On Feb. 14, Energy Secretary Rick Perry announced a new cybersecurity office -- the Office of Cybersecurity, Energy Security, and Emergency Response. The department is seeking $96 million in funding for fiscal 2019 for coordinating preparation for physical and cyber threats critical infrastructure.

But some lawmakers at a March 1 hearing of the Senate Energy and Natural Resources Committee were skeptical that the new office dovetailed with governmentwide efforts to incorporate cybersecurity across all system operations.

Assistant Secretary Bruce Walker, head of DOE's Office of Electricity and Energy Reliability, said the proposed office is "distinct" because the program is meant to be "actionable, near-term and highly responsive," while the rest of the Energy Department's reliability efforts focus on longer-term strategies and research and development.

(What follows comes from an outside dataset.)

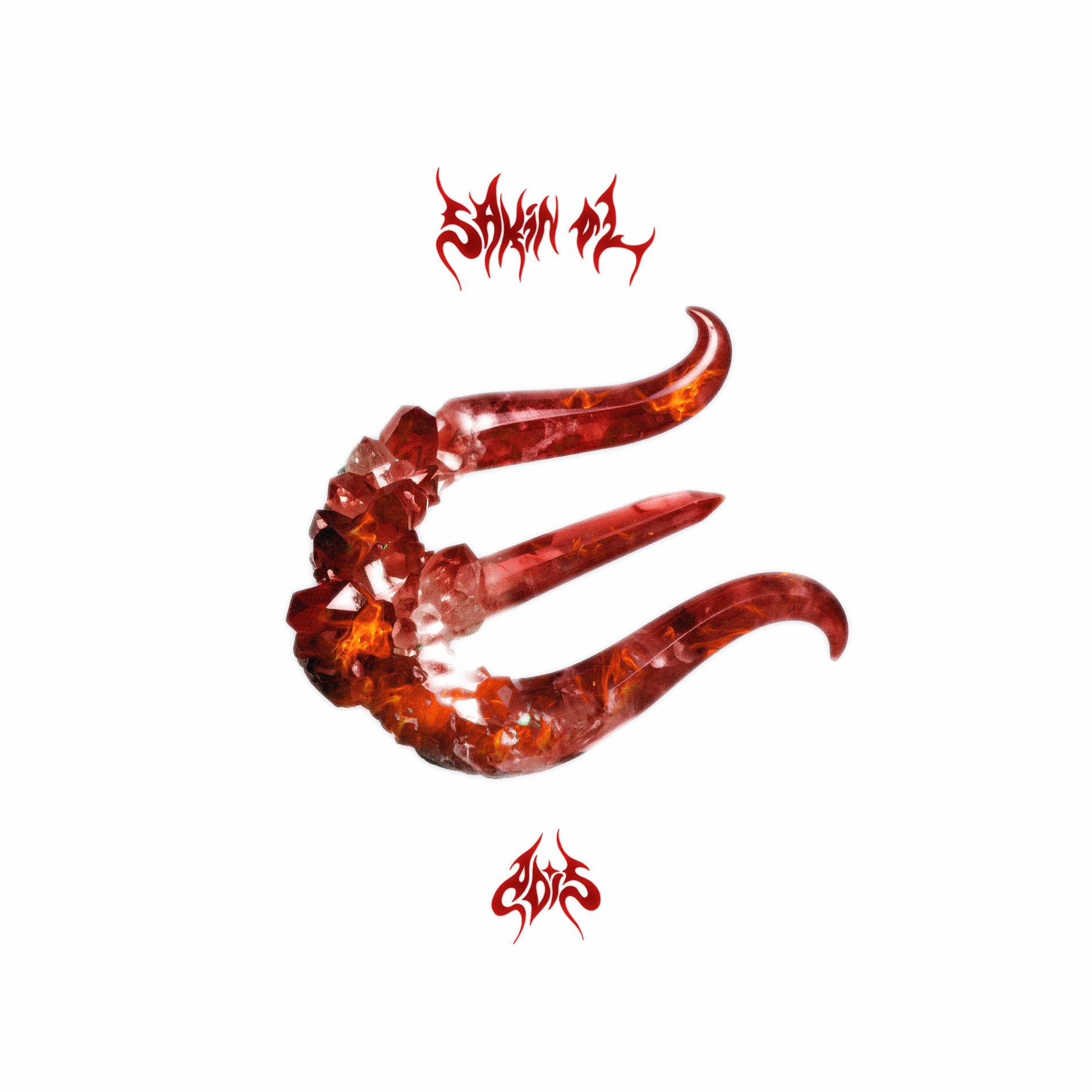 Album cover of Sakin Ol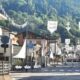palio contrade casnigo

The Office of Electricity and Energy Reliability is also responsible for developing a North American energy systems model that can do enhanced and contingency analysis to remediate "when a significant infrastructure, whether it be gas or electric or petroleum, goes offline" and help inform infrastructure investments in operations and maintenance nationwide, Walker said.

The Energy Department was designated by Congress as the sector-specific agency for grid security under the Fixing America's Surface Transportation Act. "Just that strategy alone in identifying and working through the defense critical energy infrastructure is a significant undertaking both in breadth and depth," Walker said.

In her opening statement, Sen. Maria Cantwell (D-Wash.) committee ranking member, told Walker that she and her colleague Sen. Ron Wyden (D-Ore.) were still waiting for cybersecurity threat assessments about the vulnerability of the U.S. energy infrastructure. The two had asked President Donald Trump for an assessment in March 2017.

"We are just dead serious that this is a problem. And we are dead serious that we have to come up with a threat assessment," she said.

Sen. Lisa Murkowski (R-Alaska), the committee chair, said that solutions to cybersecurity threats and resiliency "may not require more regulation, but rather more common sense and cooperation."